[Start of Attachment]

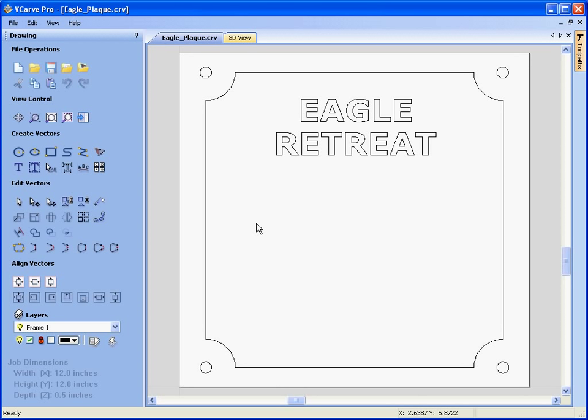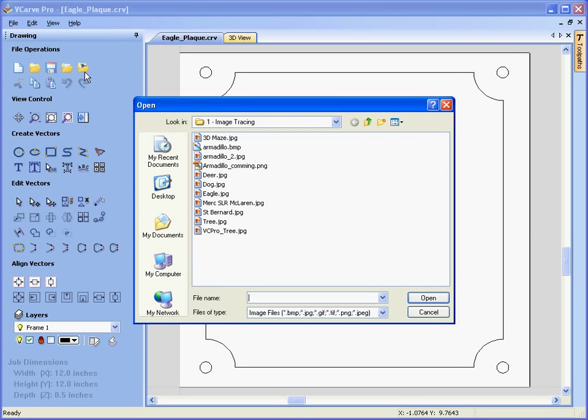Hello. In this tutorial we're going to look at the new image vectorization or image tracing functionality in VCarve Pro. Here we have a sign blank already laid out and we're going to take a JPEG file or an image file that can be downloaded off the internet or taken with a digital camera. We're going to import the image into the center of the sign, fit some vector boundaries and calculate a VCarving or engraving toolpath. We start by importing the image file from the file operations menu — import image file.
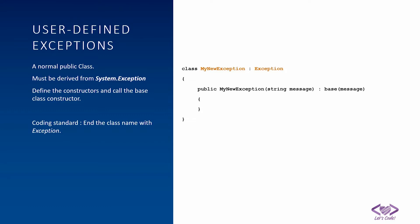One more good practice is to define a constructor. And from the constructor, you need to call the base constructor. And if you are accepting some message, pass that message to the base constructor also. So this is how we create a simple user defined exception.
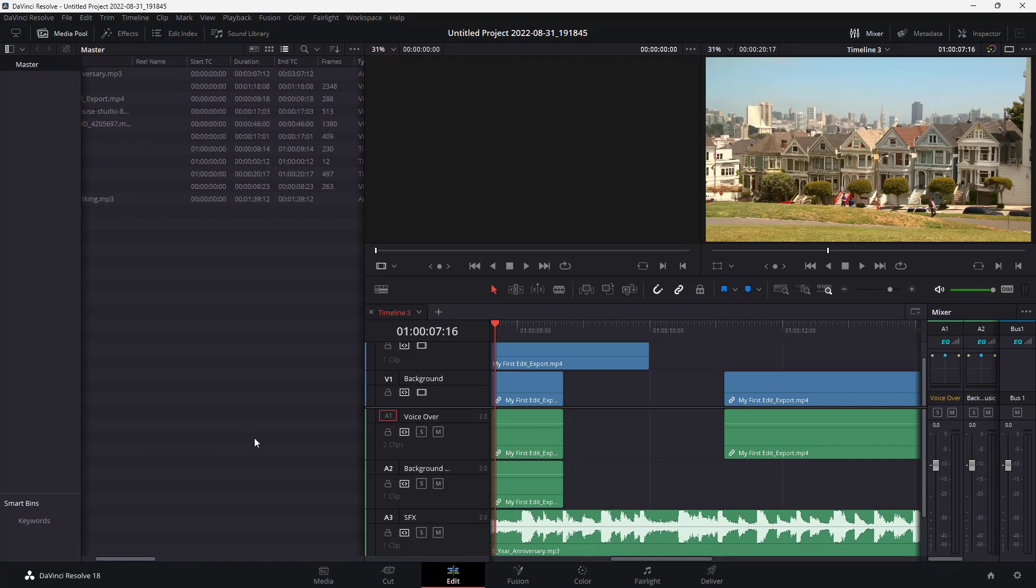And that is how you can sort items inside the media pool in DaVinci Resolve. I hope you guys learned something. As always, please like, comment, share, and subscribe.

[End of Attachment]

What the task requires:
Print the data above exactly, from its first line to the line bearing "One more good" inclusive, and keep pictures out of the result.

Solution for this exercise:
Hello. In this tutorial we're going to look at the new image vectorization or image tracing functionality in VCarve Pro. Here we have a sign blank already laid out and we're going to take a JPEG file or an image file that can be downloaded off the internet or taken with a digital camera. We're going to import the image into the center of the sign, fit some vector boundaries and calculate a VCarving or engraving toolpath. We start by importing the image file from the file operations menu — import image file.
One more good practice is to define a constructor. And from the constructor, you need to call the base constructor. And if you are accepting some message, pass that message to the base constructor also. So this is how we create a simple user defined exception.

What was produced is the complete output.